Man it's fixen to "grab another gear",I just saw 3 butterflys in the yard and the dogwoods are bluming and the turkeys are gobblin,should be happen soon!Come on down big brown clown!!I'ma getten FIRED UP!!!


----------



## fishboy (Oct 6, 2007)

I was just thinking about your walk on trips yesterday, and hoping you would still do them this year. I will definately be coming to see you in April. I'll be in touch. - Rob


----------



## fishn4fun (May 11, 2008)

Glad to hear your doing them again this year Scott. Hoping to get my 14yo hooked up with his first


----------



## LITECATCH (Oct 2, 2007)

I have booked the 9th, 10th, 12th, 13th, 17th, and the 18th so far.

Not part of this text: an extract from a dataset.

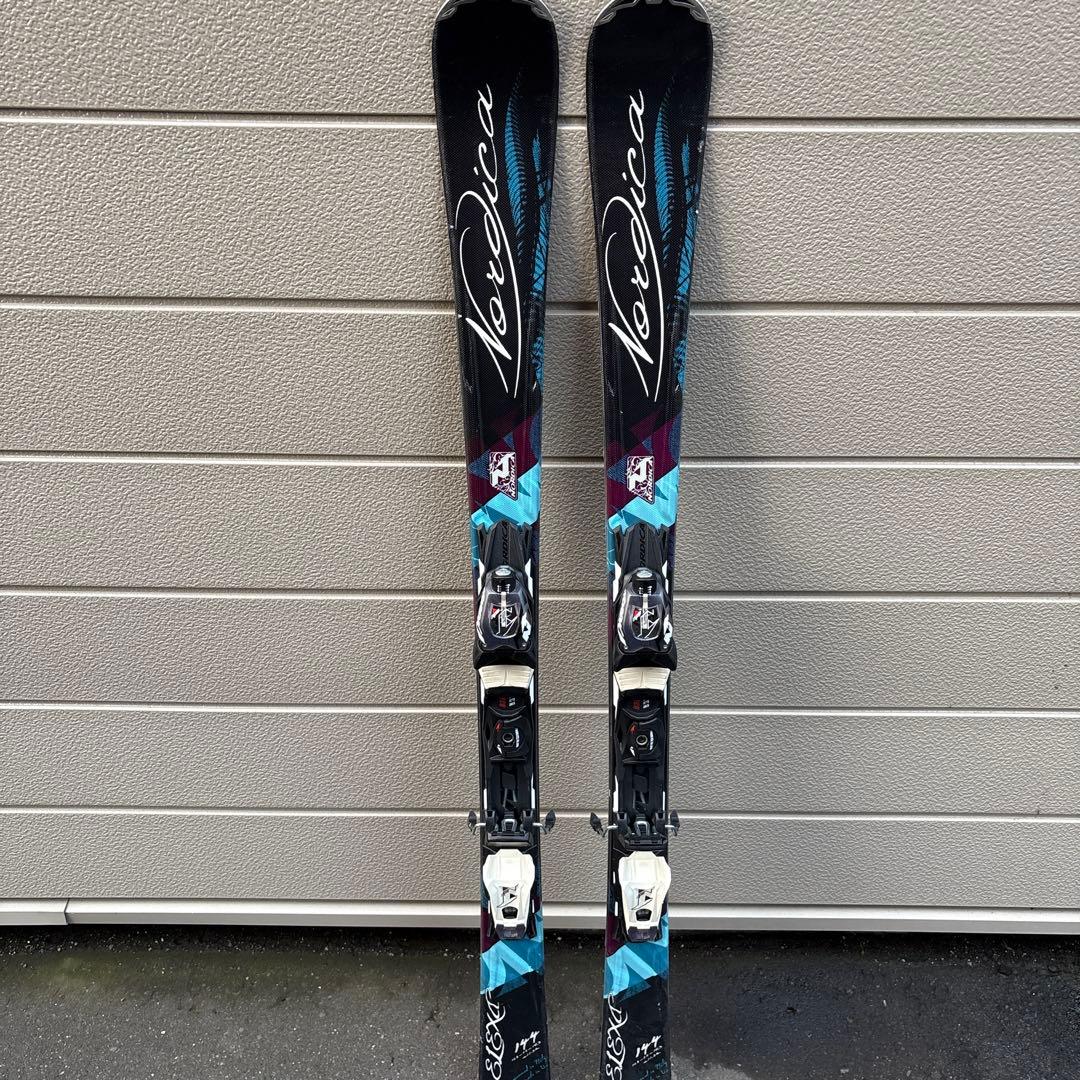 Nordica Elexa 144cm ミッドスキー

If you have a day in mind let me know. It will fill up soon.


----------



## LITECATCH (Oct 2, 2007)

btt


----------



## bbarton13 (May 4, 2009)

Wirelessly posted (Iphone 4s)

Can u post a pic of the boat?


----------



## LITECATCH (Oct 2, 2007)

The outriggers and antennas have been removed.


----------



## LITECATCH (Oct 2, 2007)

Sunday April 8th is now booked.


----------



## LITECATCH (Oct 2, 2007)

Thur. April 12th is booked.


----------



## EODangler (Apr 7, 2011)

How many total people per trip?


----------



## LITECATCH (Oct 2, 2007)

3 people per trip unless you have a group you want to take. I can take 6 anglers total.


----------



## feelin' wright (Oct 7, 2007)

PM sent.


----------



## LITECATCH (Oct 2, 2007)

Got it feelin' wright. The 6th is booked. Send me a contact # when you get a chance. Thanks, Capt. Scott


----------



## LITECATCH (Oct 2, 2007)

I updated the list.


----------